**Work instruction:**
Only some lines are wanted: please transcribe exactly those from the one containing "JUST HOME COLLECTION" through the end of the data, pictures excluded.

**Supplied information:**
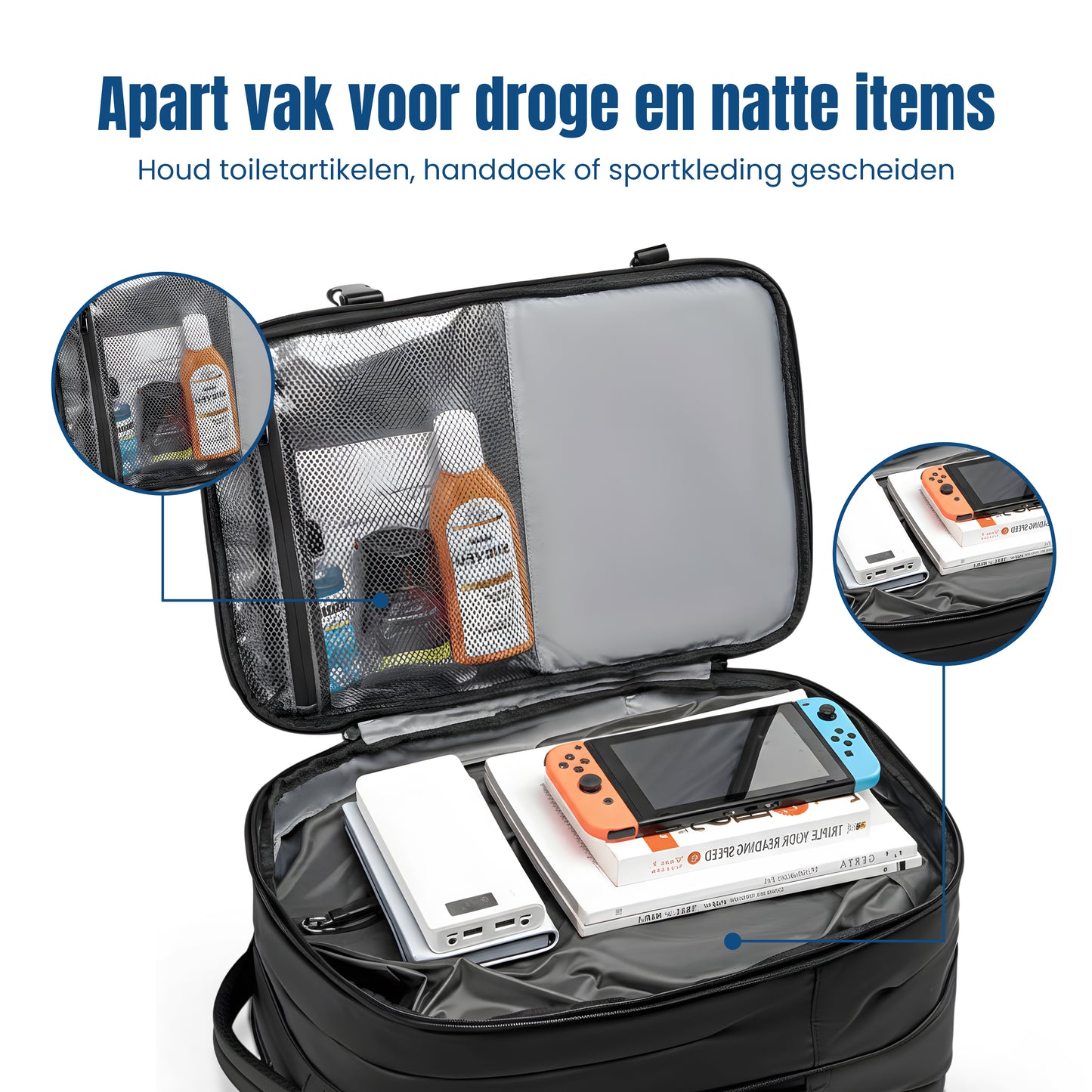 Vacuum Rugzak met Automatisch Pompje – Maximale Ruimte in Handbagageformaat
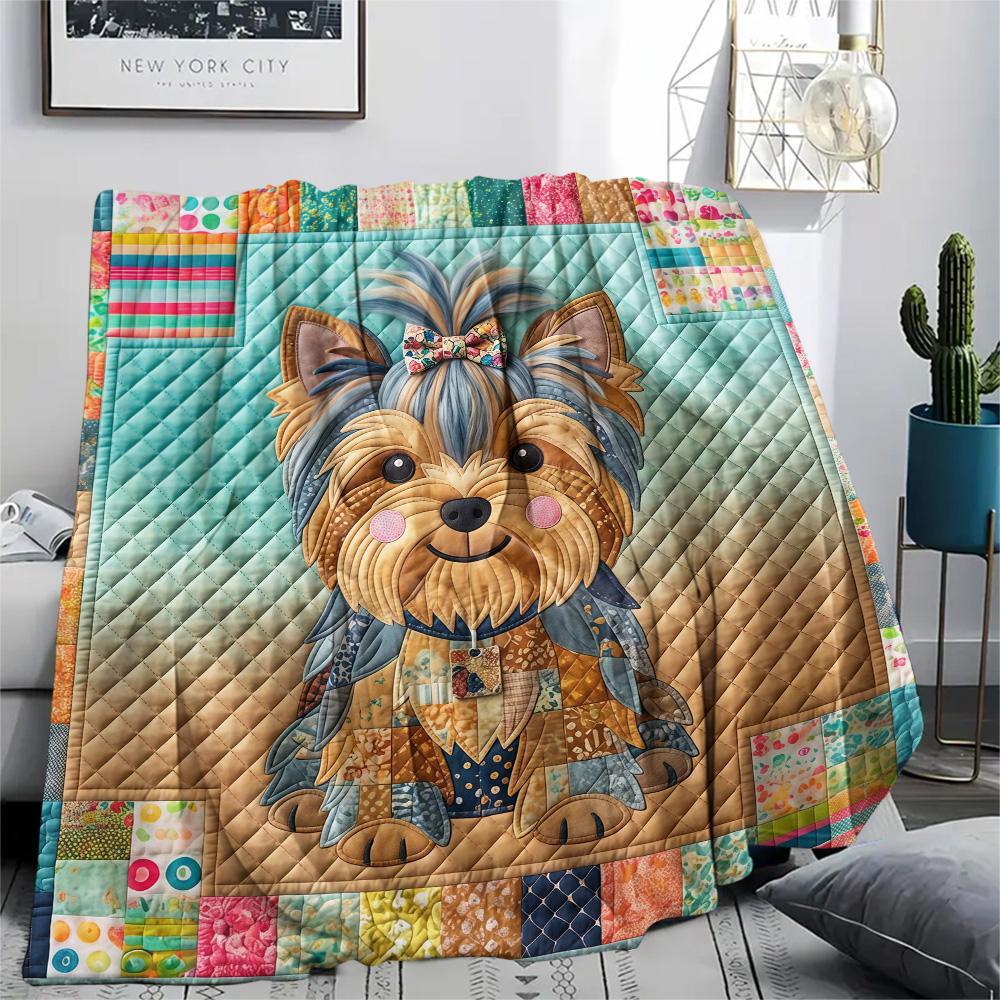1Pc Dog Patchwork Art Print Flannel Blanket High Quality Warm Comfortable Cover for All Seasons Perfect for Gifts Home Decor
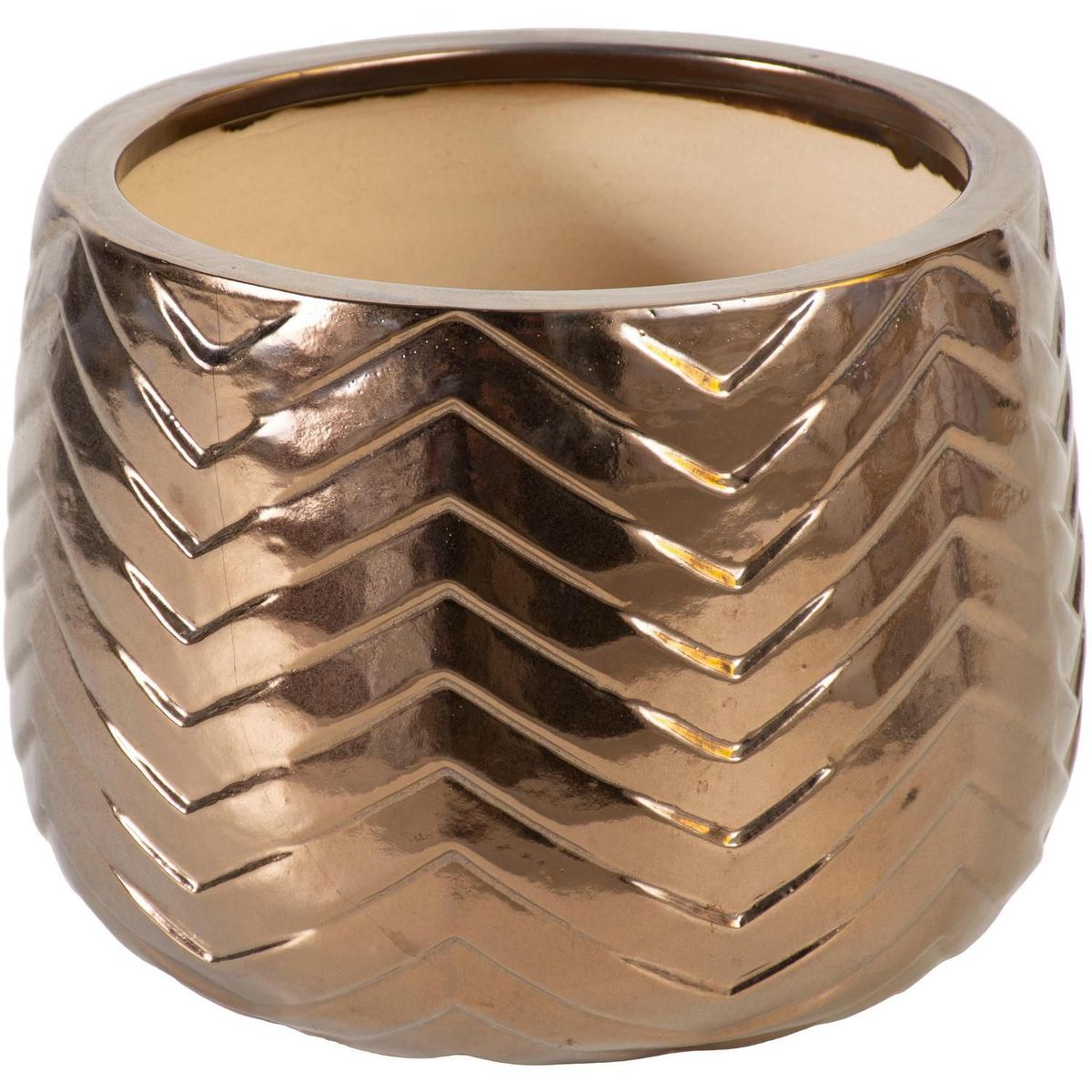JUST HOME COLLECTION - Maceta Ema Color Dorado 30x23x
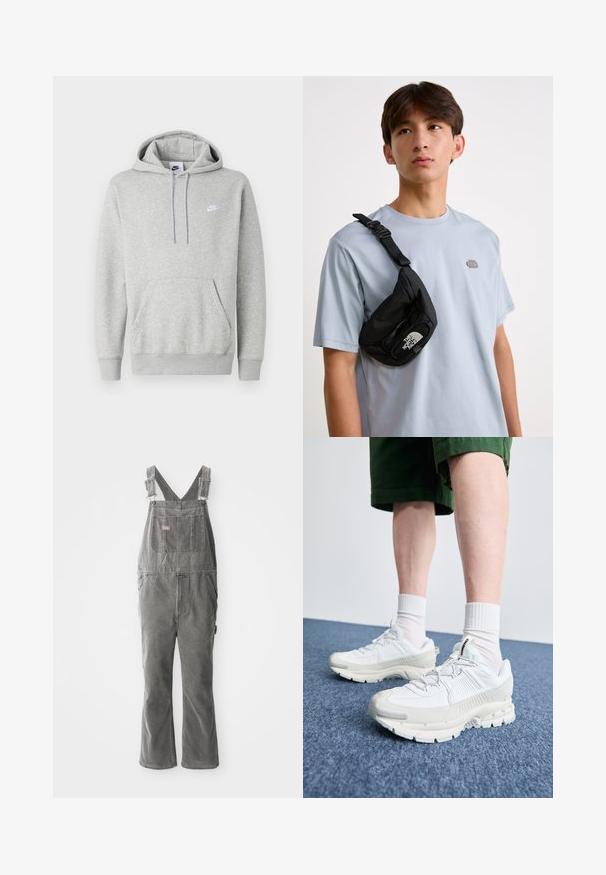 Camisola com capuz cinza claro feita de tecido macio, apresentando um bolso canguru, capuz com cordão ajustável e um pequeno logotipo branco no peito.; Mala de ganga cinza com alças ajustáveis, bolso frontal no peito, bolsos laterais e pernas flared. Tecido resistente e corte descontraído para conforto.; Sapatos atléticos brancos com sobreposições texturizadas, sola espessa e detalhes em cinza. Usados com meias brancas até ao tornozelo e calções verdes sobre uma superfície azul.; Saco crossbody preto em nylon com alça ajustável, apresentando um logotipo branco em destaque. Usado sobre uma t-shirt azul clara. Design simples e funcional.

**Written reply:**
JUST HOME COLLECTION - Maceta Ema Color Dorado 30x23x
 Camisola com capuz cinza claro feita de tecido macio, apresentando um bolso canguru, capuz com cordão ajustável e um pequeno logotipo branco no peito.; Mala de ganga cinza com alças ajustáveis, bolso frontal no peito, bolsos laterais e pernas flared. Tecido resistente e corte descontraído para conforto.; Sapatos atléticos brancos com sobreposições texturizadas, sola espessa e detalhes em cinza. Usados com meias brancas até ao tornozelo e calções verdes sobre uma superfície azul.; Saco crossbody preto em nylon com alça ajustável, apresentando um logotipo branco em destaque. Usado sobre uma t-shirt azul clara. Design simples e funcional.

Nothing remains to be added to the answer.